Arthur Ashe Stadium was nearly empty, but it was not quiet at the United States Open on a day which would have normally been a hectic Labor Day holiday.

Serena Williams, who has been bolstered by the support of thousands of boisterous fans here over the years, was her own chorus on Monday as she pushed herself to a victory over Maria Sakkari, 6-3, 6-7 (6), 6-3 in the fourth round of the U.S. Open.

“I’m always going to bring that fire and that passion and that Serena to the court,” said Williams, who has been referring to herself in the third person perhaps more than ever during this tournament.

She screamed when she lost points; she screamed when she won points. At one crucial moment, she even made a loud noise when one of Sakkari’s first serves landed in the net.

“I don’t feel like I’m super different without a crowd, but I’m super passionate,” Williams said after the match. “This is my job. This is what I wake up to do. This is what I train to do 365 days of the year.”

Though her intensity was the same, Williams said in an on-court interview after the match that she felt “less pressure” without thousands of fans there desperate for her to win.

“It’s also different because breaks are longer when the fans are here, the clapping is longer — I could have used a little bit of this in this match,” she said, laughing.

The win was Williams’s 100th career victory in the stadium; Roger Federer is a distant second on the career list, with 77 victories in Ashe.

The win put her into the quarterfinal of a Grand Slam tournament for the 53rd time.

Sakkari, one of the fittest and most athletic players in the sport, was a rare opponent to best Williams in several service categories: she hit 13 aces to Williams’s 12, and she won more points on her first serve. But Williams was more effective at aggressively returning second serves, which proved pivotal as she broke Sakkari’s serve three times and dropped her own just once.

The 13th-seeded Sakkari had defeated the third-seeded Williams two weeks ago in the Western & Southern Open, which was also held on the U.S. Open grounds instead of its usual home in Mason, Ohio, near Cincinnati.

“I was confident. I said to myself ‘I did it once, I can do it again,’” Sakkari said. “That was my mentality up until the end. She just came up with some better tennis when she had to. More experienced, she took her chances when I didn’t.”

Sakkari gained an early edge in the final set by breaking Williams’s serve. Williams all but threw in the towel at a similar juncture in their last match, but with a Grand Slam title on the line, she steeled herself and rallied.

“If you don’t get the chances with the good Serena against you, it’s done, you know?” Sakkari said. “I didn’t get my chances, got broken again. I was ahead, I was a break up, I had to somehow hold serves. One bad game and the match went the other way.”

After a win and a loss against Williams in New York, Sakkari said she was encouraged by her own ability to summon her best tennis without a crowd on hand.

“It’s not easy for everyone to compete without a crowd,” Sakkari said. “Many players were feeling a little bit turned off playing without fans.”

Williams had been turned off by her own effort in her previous match against Sakkari.

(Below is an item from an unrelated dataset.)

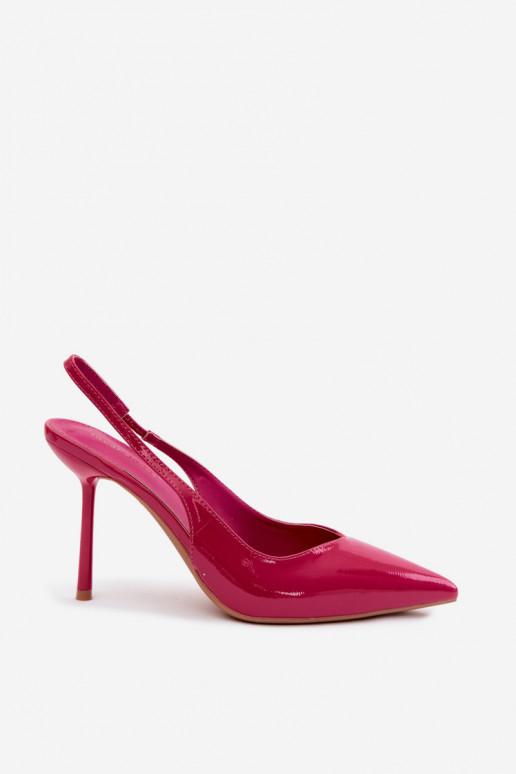 Roze gelakte hoge hakken sandalen van faux leer Calera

After squandering a lead against Sakkari in the lead-up tournament, Williams compared her propensity for elongating matches to “dating a guy that you know sucks.”

“It’s like I have got to get rid of this guy. It just makes no sense,” Williams added.

On Monday, Williams laughed when reminded of the analogy.

“I feel this whole tournament I have been doing better with that,” she said. “Thank God I got rid of that guy. I never want to see him again — he was the worst.”